Limiting abortion rights in any way, including moving the decision to the states, is intolerable for abortion advocates. In a tweeted response to the leak, Sen. Elizabeth Warren pressed for the elimination of the filibuster in Congress in order for the Women’s Health Protection Act to pass. This unlikely and extreme measure, which could be called the Abortion on Demand Until Birth Act, is not supported by a majority of Americans. According to a recent poll, 71% of Americans, including 49% of Democrats, want abortion limited to the first trimester.
Warren also claimed that dismantling Roe v. Wade would be an act of racism. In the same tweet about eliminating the filibuster, she alleged:
If an extremist Supreme Court overturns Roe, wealthy women will still get safe abortions—by traveling to another state or country. But women of color, those with lower-incomes, and victims of abuse will suffer the most.
And of course, the leaked draft of Alito’s opinion also led to numerous Handmaid’s Tale references and the tired old canard that pro-lifers care about babies only until they are born. None of these claims are true. In fact, 4,000 pregnancy resource centers exist to help parents who may be in crisis.
If this leaked opinion is indeed reflective of what the final decision will be, then we must do two things.

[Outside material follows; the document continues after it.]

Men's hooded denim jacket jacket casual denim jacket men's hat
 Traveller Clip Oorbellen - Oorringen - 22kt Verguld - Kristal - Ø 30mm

First, we must thank God that this decades-long legal nightmare is over. Our efforts to protect babies and care for vulnerable women will no longer be immediately pre-empted by a legal evil masquerading as an invented “right.”
Second, we must recognize that the Court has done its job, but it cannot do our job. State legislatures have very important work ahead, but they also cannot do the work to which Christians are called in this cultural moment: to speak the truth in love about the preborn, and to create a culture of life and care.
Next week, a free event in Orlando, Florida, will help Christians prepare for a post-Roe world. If you’re in the area or nearby, register for an evening with speakers such as Tim Tebow, Erin Hawley of Alliance Defending Freedom, Jim Daly of Focus on the Family, Kristan Hawkins of Students for Life, and Stephanie Gray Connors of Love Unleashes Life. The evening will train you to respond to the particular slogans floating around about abortion, celebrate the beauty and dignity of life, and develop a strategy for joining this important cause. Register now for this event at https://wilberforceweekend.org/regional-bonus-event/
And while you’re doing that, please also pray for the safety of our Supreme Court Justices, in light of this unprecedented and unlawful act. Pray that the intentions of whoever caused this leak will backfire, and for God’s true justice to reign.